**Your assignment**
Reproduce, exactly and in full, the lines from the one with "That's all there" through the one with "We performed a" in the data below; drop pictures.

Start of Given information

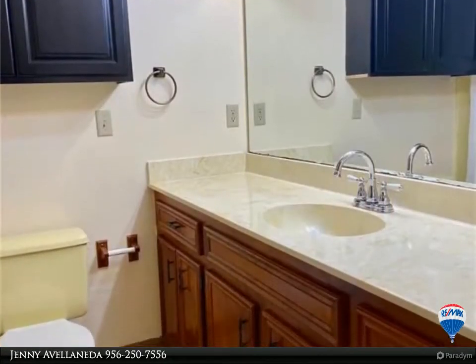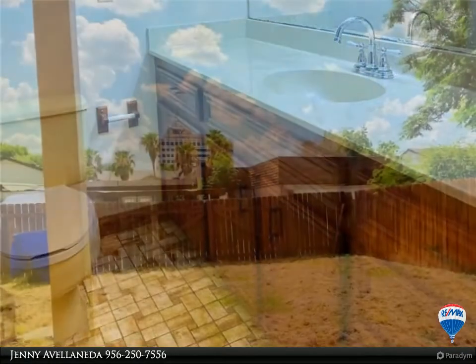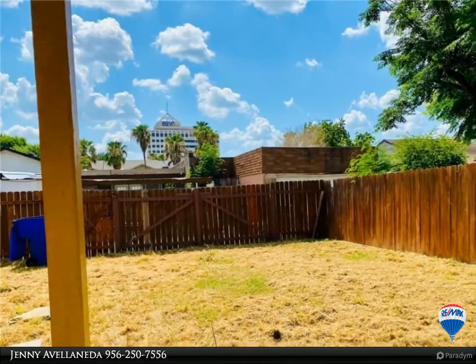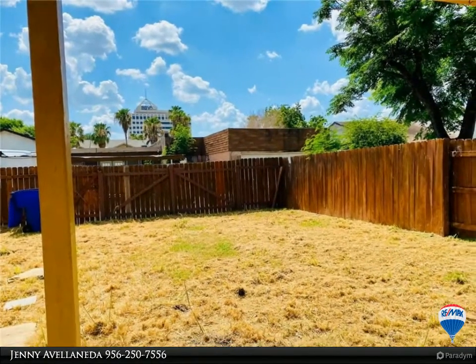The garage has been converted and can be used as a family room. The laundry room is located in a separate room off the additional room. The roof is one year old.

End of Given information
Start of Given information

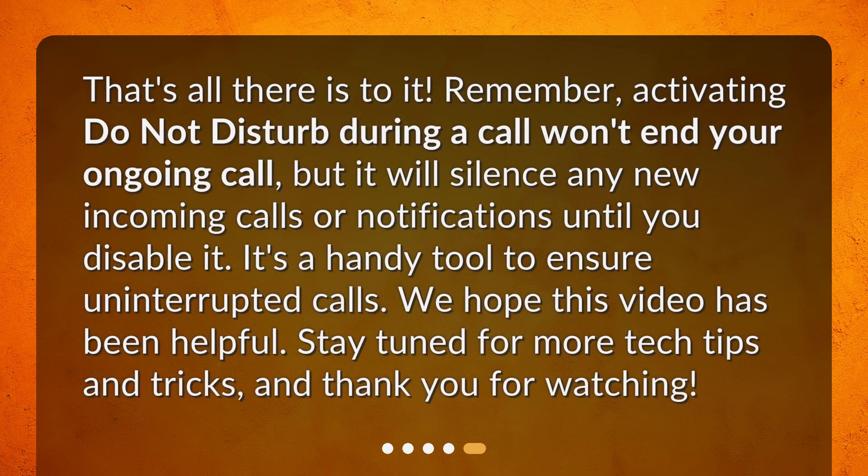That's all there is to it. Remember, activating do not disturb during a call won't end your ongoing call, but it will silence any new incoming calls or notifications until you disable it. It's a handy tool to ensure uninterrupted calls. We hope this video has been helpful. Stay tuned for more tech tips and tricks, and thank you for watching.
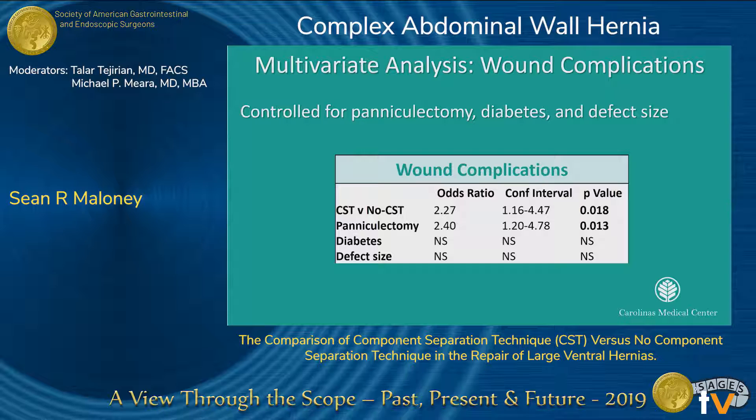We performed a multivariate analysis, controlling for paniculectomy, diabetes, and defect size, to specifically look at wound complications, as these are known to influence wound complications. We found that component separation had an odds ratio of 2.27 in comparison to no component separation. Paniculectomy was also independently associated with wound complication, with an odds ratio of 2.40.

End of Given information
Start of Given information

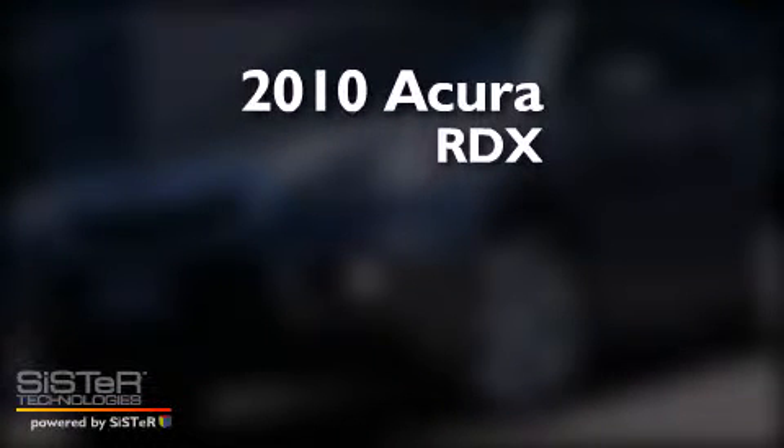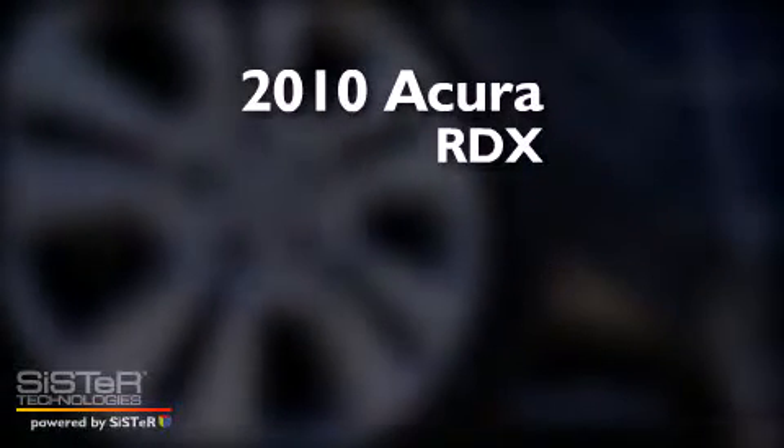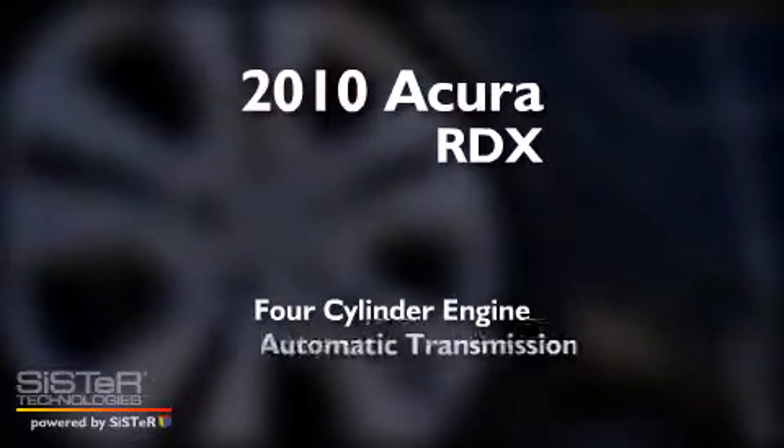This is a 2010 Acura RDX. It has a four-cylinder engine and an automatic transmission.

End of Given information

**Output below**
That's all there is to it. Remember, activating do not disturb during a call won't end your ongoing call, but it will silence any new incoming calls or notifications until you disable it. It's a handy tool to ensure uninterrupted calls. We hope this video has been helpful. Stay tuned for more tech tips and tricks, and thank you for watching.
We performed a multivariate analysis, controlling for paniculectomy, diabetes, and defect size, to specifically look at wound complications, as these are known to influence wound complications. We found that component separation had an odds ratio of 2.27 in comparison to no component separation. Paniculectomy was also independently associated with wound complication, with an odds ratio of 2.40.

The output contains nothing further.